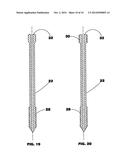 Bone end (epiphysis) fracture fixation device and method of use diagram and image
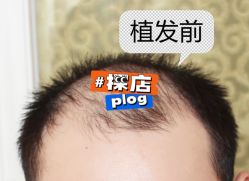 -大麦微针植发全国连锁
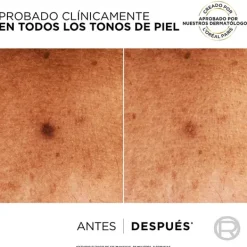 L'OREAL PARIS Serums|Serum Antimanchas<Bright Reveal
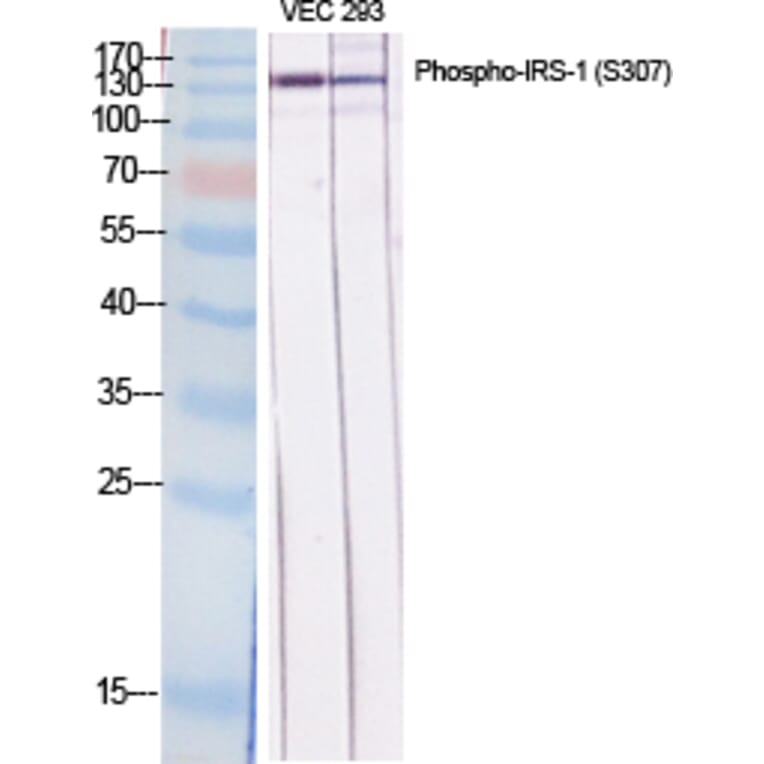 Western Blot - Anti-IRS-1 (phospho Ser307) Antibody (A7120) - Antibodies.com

┄┄┄┄┄┄┄┄┄┄┄┄┄┄┄┄┄┄┄┄

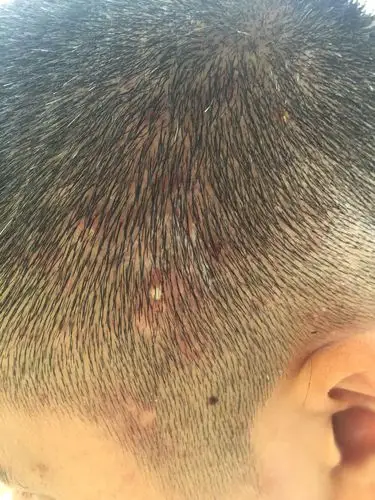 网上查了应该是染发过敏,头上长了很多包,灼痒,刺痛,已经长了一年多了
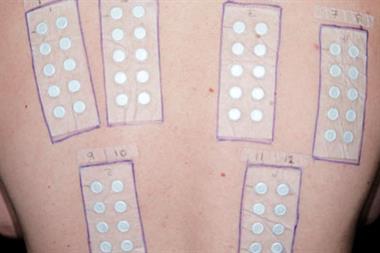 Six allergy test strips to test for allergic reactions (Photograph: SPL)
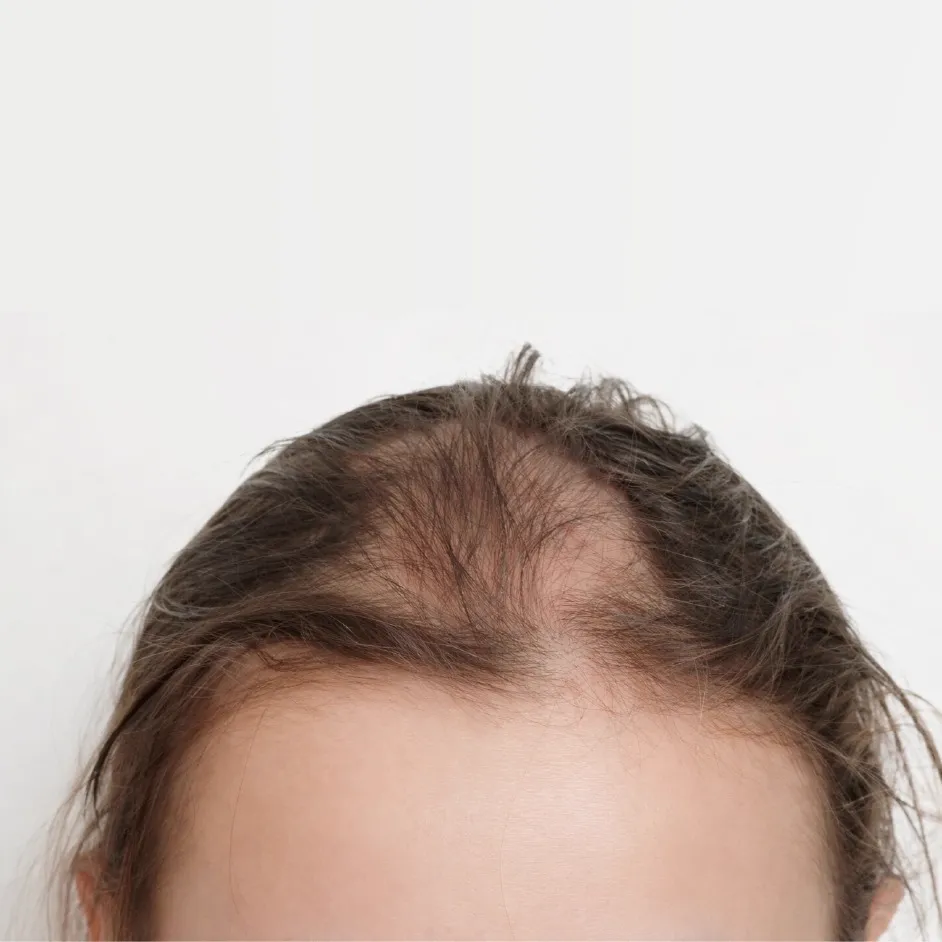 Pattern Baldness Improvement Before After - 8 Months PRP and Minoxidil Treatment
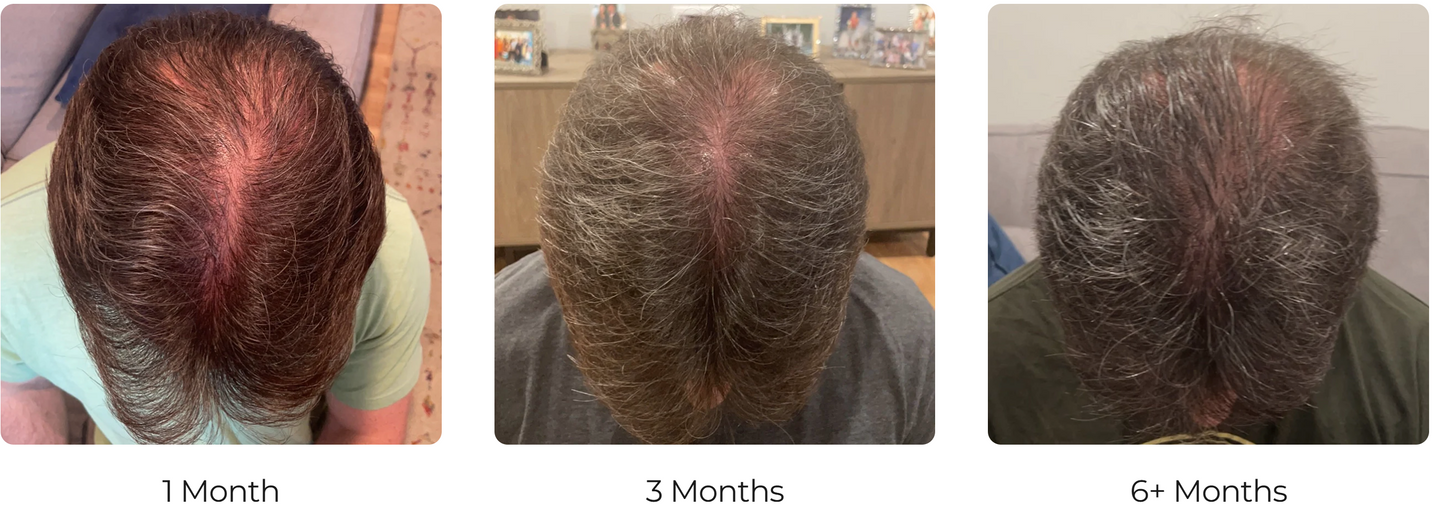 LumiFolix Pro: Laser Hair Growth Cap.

┄┄┄┄┄┄┄┄┄┄┄┄┄┄┄┄┄┄┄┄

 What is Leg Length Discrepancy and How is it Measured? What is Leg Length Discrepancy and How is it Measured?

┄┄┄┄┄┄┄┄┄┄┄┄┄┄┄┄┄┄┄┄

WHAT YOU WILL DO: In the data above, take the line with "Bone end (epiphysis)", the line with "Western Blot - Anti-IRS-1", and every line between, and set them down exactly without pictures.

RESULT BELOW:
 Bone end (epiphysis) fracture fixation device and method of use diagram and image
 -大麦微针植发全国连锁
 L'OREAL PARIS Serums|Serum Antimanchas<Bright Reveal
 Western Blot - Anti-IRS-1 (phospho Ser307) Antibody (A7120) - Antibodies.com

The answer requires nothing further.